Ich würde auch gerne Deutsch lernen, aber für einen extra Deutschkurs fehlt mir die Zeit. Ich mache mehrere Minijobs. Etwa zehn Stunden in der Woche arbeite ich in einem Gemeinschaftsgarten von Vattenfall. Ja, ich weiß, ziemlich ironisch, aber eigentlich ist es mein »happy job«. Dann arbeite ich noch als Servicekraft auf Veranstaltungen. Ich kenne mindestens fünf andere Studentinnen, die in einer ähnlichen Situation sind. Wir haben überlegt, ob wir zusammenziehen und eine Wohnung aufgeben. Ich habe auch schon darüber nachgedacht, ob ich mein Studium abbrechen und zurück nach Kenia gehen muss. Aber eigentlich bin ich sehr gerne in Berlin.
Lena Martin, 38, Erziehungs- und Kulturwissenschaft
Ich studiere Vollzeit und muss Teilzeit arbeiten gehen. Wenn man mit über 30 erst angefangen hatte zu studieren und mit unter 30 noch kein Kind bekommen hatte, erhielt man bis vor Kurzem nämlich kein Bafög. Ich bekam mein erstes Kind mit genau 30 und habe erst danach angefangen zu studieren, weil ich vorher als Tänzerin am Friedrichstadtpalast gearbeitet habe. Jetzt lebe ich mit meinen sieben und drei Jahre alten Kindern zusammen von etwa 2000 Euro im Monat. Davon gehen knapp 1100 Euro an Fixkosten ab – und beim Strom wird vermutlich noch eine ordentliche Nachzahlung auf mich zukommen. Mein drittes Kind kommt im November auf die Welt und der Vater meldet sich nicht mehr, also stehe ich allein da. Beim Jobcenter habe ich nun 600 Euro für Babyausstattung beantragt. Bafög ist die letzte Option, da ich das ja zurückzahlen müsste, aber kein Geld zurücklegen kann.
Ich kaufe immer nach Angebot ein und im Zweifel gibt es dann halt eine Woche keine Gurke. Meiner älteren Tochter muss ich öfter sagen, dass ich mir bestimmte Sachen nicht leisten kann. Auf Urlaub verzichten wir sowieso und für Ausflüge nutzen wir gezielt kostenfreie Angebote. Neulich waren wir zum Beispiel beim Tag der offenen Tür im Konzerthaus – aber dann wollen die Kinder natürlich auch mal Popcorn für drei Euro haben.

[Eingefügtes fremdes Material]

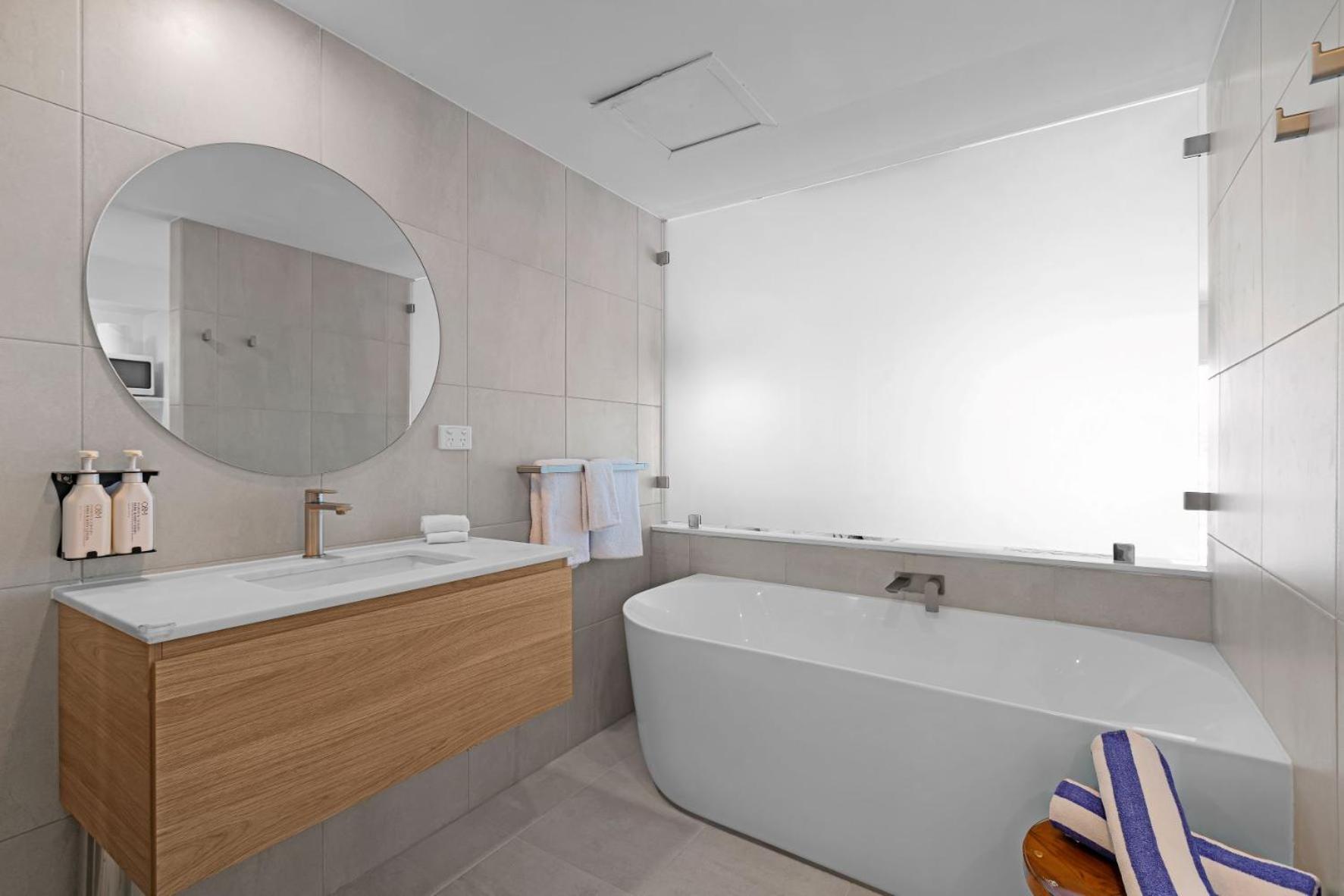 Ocean Deluxe Room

Das letzte Sommersemester in Präsenz war sehr anstrengend. Meine Familie lebt in Bayern, meine Freunde müssen arbeiten, also muss ich immer selbst auf die Kinder aufpassen und habe selten Ruhe. Mein Nervensystem ist ganz schön ausgelastet. Ich muss das Studium einfach durchziehen, da kommen dann natürlich nicht die besten Noten raus. Im Sommer 2023 sollte ich fertig sein, werde dann aber noch in Elternzeit sein, das heißt, ich werde frühestens im Februar 2024 anfangen zu arbeiten. So lange habe ich keine Ersparnisse. Meine große Tochter braucht neue Schuhe und ich mache mir große Sorgen um das dritte Kind.

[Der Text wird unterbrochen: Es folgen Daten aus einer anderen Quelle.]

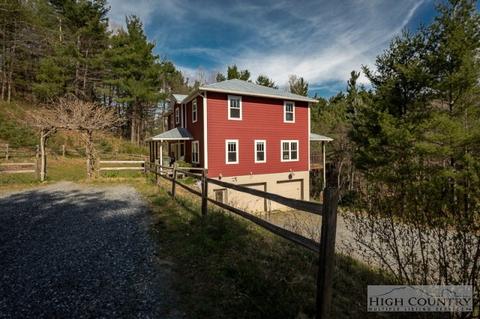 376 Daniel Dr, Boone, NC 28607 photo 2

Bei mir daheim fällt öfter mal die Heizung aus, einmal bin ich bei 16 Grad aufgewacht und habe mit den Kindern vor dem Backofen gefrühstückt. Wie soll das mit Baby werden? Wir wohnen in einem alten Haus, es zieht, das treibt die Heizkosten in die Höhe. Das ist ungerecht. Die Politik redet immer nur über die Mittelschicht, vergisst aber Studierende und Alleinerziehende. Wir sind finanziell häufig vom Staat, von Eltern oder von einem Mann abhängig. Die Gehälter sind zwischen den Geschlechtern noch immer viel zu ungleich verteilt. Das muss sich ändern.